Suche nach Abwechslung: Lisa
bei Höhner-Roncalli, Andreas' neue Mast-Nummer, Zirkus-Theaterstück
„ohnMacht“
Denn Abwechslung bei ihren Engagements ist genau das, was die beiden
suchen: im Sommer wird daher eher die Outdoor-Show „Circus UnARTiq“
gespielt, im Winter Lisas Darbietung „Fallen“ gezeigt. Dazu gibt es
mit „ohnMacht“ noch ein zeitgenössisches Zirkus-Theaterstück im
Repertoire, das im Moment allerdings kaum gespielt und vermarktet
wird. „Es ist spannend und toll, dass unsere Auftritte sowohl
klassisch als auch zeitgemäß funktionieren. So haben wir keine
Abhängigkeit in eine Richtung. Es macht unglaublich Spaß, die
unterschiedlichsten Leute an unterschiedlichsten Orten zu treffen.

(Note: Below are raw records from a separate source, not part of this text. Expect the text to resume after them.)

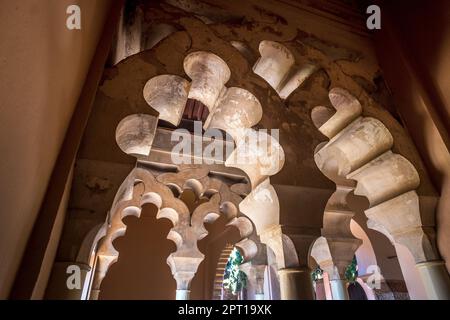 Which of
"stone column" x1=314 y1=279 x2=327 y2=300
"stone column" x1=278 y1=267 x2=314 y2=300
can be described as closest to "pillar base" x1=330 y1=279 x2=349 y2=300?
"stone column" x1=278 y1=267 x2=314 y2=300

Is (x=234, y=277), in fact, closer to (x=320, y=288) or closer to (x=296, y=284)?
(x=320, y=288)

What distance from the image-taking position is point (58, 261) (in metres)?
1.82

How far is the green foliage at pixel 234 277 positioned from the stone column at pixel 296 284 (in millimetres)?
8324

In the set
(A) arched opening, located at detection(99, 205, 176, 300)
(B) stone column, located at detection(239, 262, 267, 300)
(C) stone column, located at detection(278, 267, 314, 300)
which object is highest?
(A) arched opening, located at detection(99, 205, 176, 300)

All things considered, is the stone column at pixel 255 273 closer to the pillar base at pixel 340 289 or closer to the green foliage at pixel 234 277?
the pillar base at pixel 340 289

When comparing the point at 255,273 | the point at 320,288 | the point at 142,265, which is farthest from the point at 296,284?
the point at 320,288

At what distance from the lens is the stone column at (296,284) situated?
2.14 m

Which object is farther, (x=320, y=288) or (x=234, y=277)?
(x=320, y=288)

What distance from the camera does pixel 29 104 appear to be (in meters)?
1.27

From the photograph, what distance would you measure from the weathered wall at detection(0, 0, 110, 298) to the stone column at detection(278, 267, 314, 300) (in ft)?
5.63

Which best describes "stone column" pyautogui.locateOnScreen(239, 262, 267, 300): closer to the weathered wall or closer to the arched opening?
the arched opening

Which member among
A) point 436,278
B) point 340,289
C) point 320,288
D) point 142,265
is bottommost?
point 436,278

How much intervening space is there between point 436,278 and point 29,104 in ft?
11.2

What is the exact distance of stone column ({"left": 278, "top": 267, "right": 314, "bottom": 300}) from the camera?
2.14 m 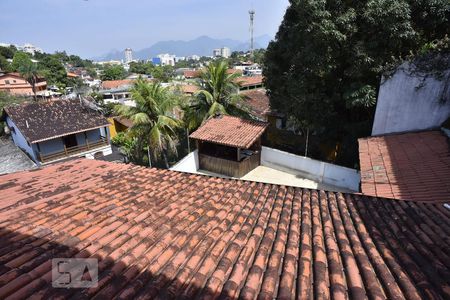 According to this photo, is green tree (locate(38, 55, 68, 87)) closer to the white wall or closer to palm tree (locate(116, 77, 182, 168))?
palm tree (locate(116, 77, 182, 168))

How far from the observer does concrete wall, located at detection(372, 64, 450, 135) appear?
11.7 metres

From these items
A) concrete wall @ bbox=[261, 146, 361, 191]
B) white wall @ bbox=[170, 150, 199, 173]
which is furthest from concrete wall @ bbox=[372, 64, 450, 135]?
white wall @ bbox=[170, 150, 199, 173]

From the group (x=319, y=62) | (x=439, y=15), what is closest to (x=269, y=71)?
(x=319, y=62)

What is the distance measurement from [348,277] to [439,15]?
13495 millimetres

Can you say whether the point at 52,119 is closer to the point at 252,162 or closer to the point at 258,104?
the point at 252,162

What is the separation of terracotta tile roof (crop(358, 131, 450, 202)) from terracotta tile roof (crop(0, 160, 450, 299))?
2174 millimetres

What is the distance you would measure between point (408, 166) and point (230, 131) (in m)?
9.18

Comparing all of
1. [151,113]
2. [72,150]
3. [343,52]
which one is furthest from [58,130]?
[343,52]

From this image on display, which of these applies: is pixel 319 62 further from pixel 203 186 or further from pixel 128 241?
pixel 128 241

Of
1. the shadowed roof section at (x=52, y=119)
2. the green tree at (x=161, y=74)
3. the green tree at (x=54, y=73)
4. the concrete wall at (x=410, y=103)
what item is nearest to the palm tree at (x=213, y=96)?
the concrete wall at (x=410, y=103)

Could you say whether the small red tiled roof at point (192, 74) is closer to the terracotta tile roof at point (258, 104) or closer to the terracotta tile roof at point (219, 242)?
the terracotta tile roof at point (258, 104)

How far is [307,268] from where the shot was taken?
321cm

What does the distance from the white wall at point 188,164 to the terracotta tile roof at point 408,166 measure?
9793mm

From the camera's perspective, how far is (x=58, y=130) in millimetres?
23000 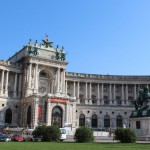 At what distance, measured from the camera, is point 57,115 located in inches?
2793

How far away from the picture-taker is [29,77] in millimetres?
75750

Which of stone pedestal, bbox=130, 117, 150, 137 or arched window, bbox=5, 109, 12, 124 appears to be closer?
stone pedestal, bbox=130, 117, 150, 137

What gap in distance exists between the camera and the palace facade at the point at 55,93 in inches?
2783

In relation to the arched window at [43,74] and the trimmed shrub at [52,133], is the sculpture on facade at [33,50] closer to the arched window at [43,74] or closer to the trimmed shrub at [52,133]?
the arched window at [43,74]

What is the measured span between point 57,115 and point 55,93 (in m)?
9.02

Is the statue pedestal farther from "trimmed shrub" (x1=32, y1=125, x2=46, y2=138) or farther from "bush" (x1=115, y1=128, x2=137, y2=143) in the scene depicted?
"trimmed shrub" (x1=32, y1=125, x2=46, y2=138)

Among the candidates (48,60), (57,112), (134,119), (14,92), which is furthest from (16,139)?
(48,60)

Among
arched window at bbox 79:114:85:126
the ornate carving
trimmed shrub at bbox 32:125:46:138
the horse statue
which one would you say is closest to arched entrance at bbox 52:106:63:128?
the ornate carving

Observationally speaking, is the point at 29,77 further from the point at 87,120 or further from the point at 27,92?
the point at 87,120

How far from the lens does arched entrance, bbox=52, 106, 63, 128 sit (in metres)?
70.4

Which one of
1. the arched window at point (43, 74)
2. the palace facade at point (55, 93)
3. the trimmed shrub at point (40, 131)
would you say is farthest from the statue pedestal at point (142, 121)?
the arched window at point (43, 74)

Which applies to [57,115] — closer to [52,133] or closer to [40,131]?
[40,131]

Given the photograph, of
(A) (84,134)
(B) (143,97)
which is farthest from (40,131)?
(B) (143,97)

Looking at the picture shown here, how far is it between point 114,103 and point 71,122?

Solange wir die Möglichkeiten haben, bleiben wir offen für alles.“
Auch eine komplette Circus-Tour schließen die beiden daher nicht
aus. „So etwas, wie der Schweizer Circus Monti wäre schon
interessant.“ Andreas hat dafür gerade eine Nummer am chinesischen
Masten erarbeitet, um zwei Darbietungen anbieten zu können. Auch
Ideen, mit einer größeren Gruppe eine Show zu erarbeiten, hat es
schon gegeben. „Aber es scheitert ja schon an den hohen
Anfangsinvestitionen. Aber um Förderungen zu kriegen, muss man schon
Theater drauf schreiben. Mit Circus geht das nicht. Man muss ja
schon froh sein, wenn die Leute Krone und Roncalli kennen. Es wäre
cool, wenn das in Deutschland auch mal funktionieren würde.“ |
Am
Abend sind die Musiker auf den großen Bühnen des Festivalgeländes in
Venlo kaum zu überhören. Dennoch: um das abgetrennte Wiesenstück,
auf dem Lisa und Andreas ihre Show zeigen, sammeln sich die
Menschen, schauen und lauschen gespannt, applaudieren… und lächeln.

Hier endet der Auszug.